Attach a thermometer—making sure it doesn’t touch the bottom—and heat the oil to 375°F (190°C).
This usually takes about 10 minutes.
2. Set Up the Breading Station
Prepare two shallow bowls:
Bowl 1: Whisk together the flour, salt, black pepper, paprika, cayenne pepper, and garlic powder.
Bowl 2: Whisk the buttermilk and egg until fully combined and smooth.
3. Bread the Pickle Slices
Working in small batches of 3–4 slices:
Coat each pickle slice in the seasoned flour.

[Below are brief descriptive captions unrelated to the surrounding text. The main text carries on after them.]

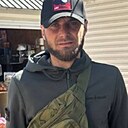 Знакомства: Александр, 31 год, Антрацит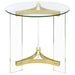 Janessa Coffee Table Sets - Furniture Land (Milwaukee, WI)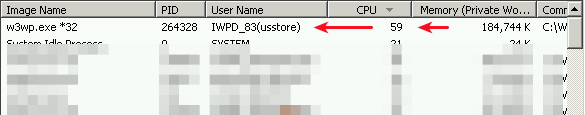 Selection_191.png
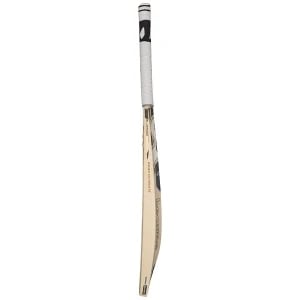 SG Roar Ultimate English Willow Cricket Bat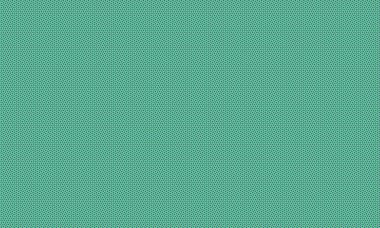 Asgari geometrik düzende birbirine kenetlenmiş eğri çizgileri akıcı soyut bir yapıyla birleştiren çağdaş, pürüzsüz desen.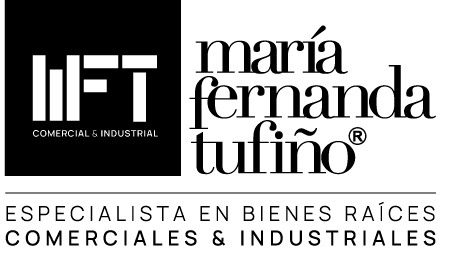 Maria Fernanda Tufiño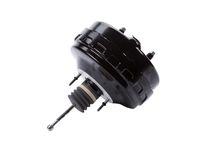 GM 13409893 Power Brake Booster Kit(Vacuum) GM 13409893 Power Brake Booster Kit(Vacuum)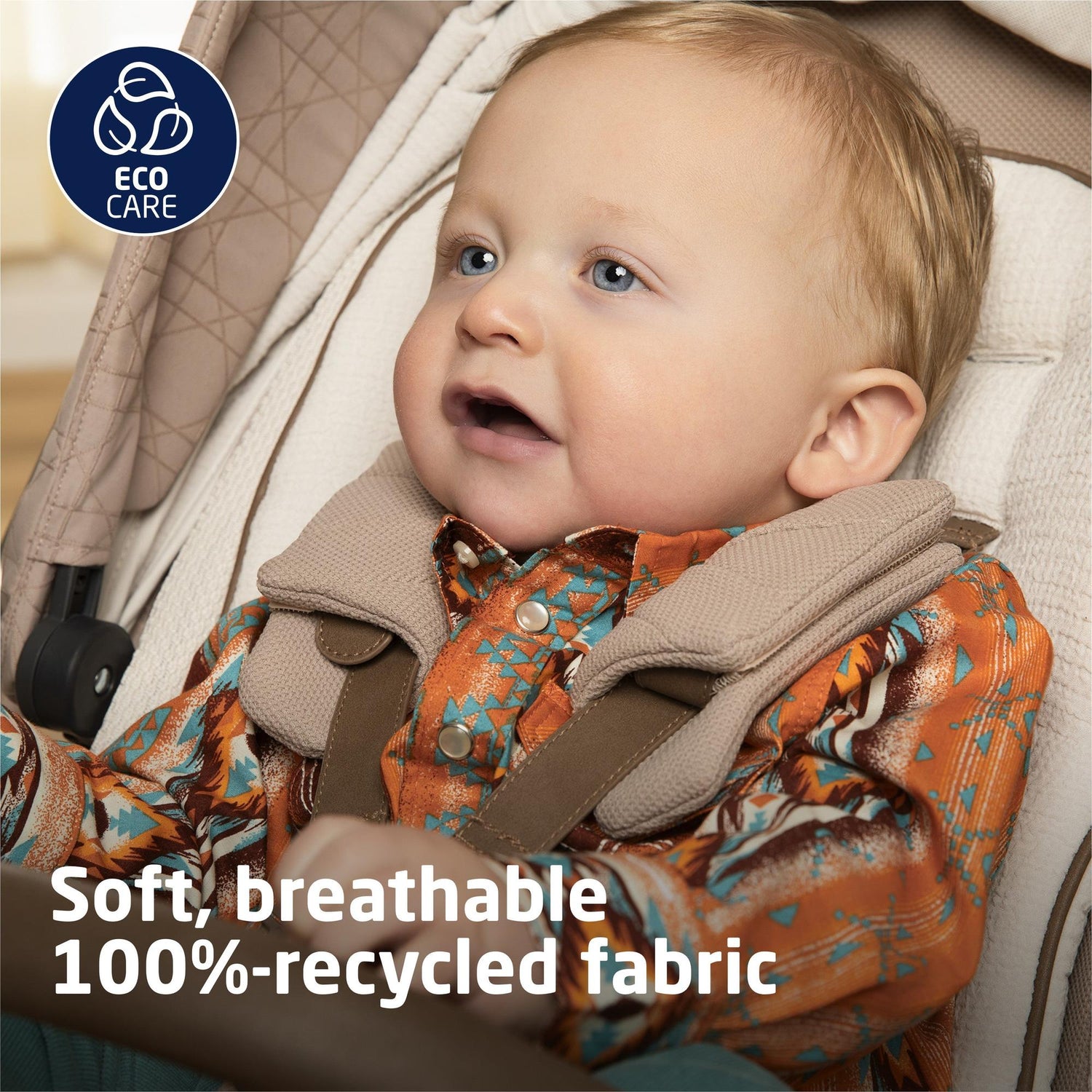 maxi cosi recycling Maxi-Cosi Kindred Tana 360° Rotating Modular Stroller – Kid's Stuff Superstore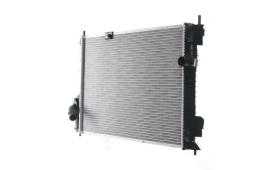 Radiator, engine cooling MAHLE CR2058000S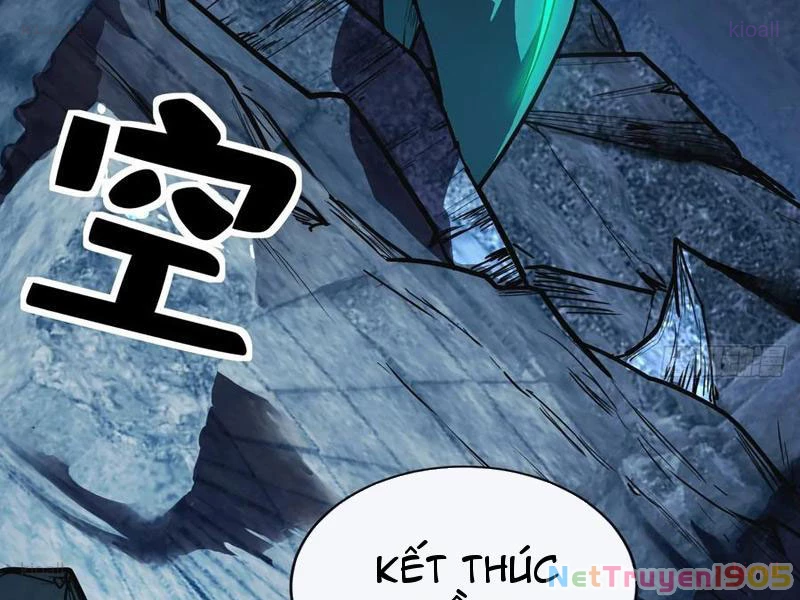 Dị Biến Giáng Lâm Nhân Gian: Triệu Hoán Chi Chủ! Chapter 30 - 128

Dip into the buttermilk–egg mixture.
Dredge again in the flour to create a thicker, extra-crispy coating.
4. Fry the Pickles
Carefully lower the coated pickles into the hot oil.
Fry for about 90 seconds per side, or until deeply golden and crisp.
Transfer the fried pickles to a paper towel–lined plate to drain.
Allow the oil to return to 375°F before frying the next batch for consistent crispiness.
5. Prepare the Dipping Sauce (Optional)
Combine all sauce ingredients in a small bowl and stir until smooth and well blended.
Serve alongside the hot pickle chips.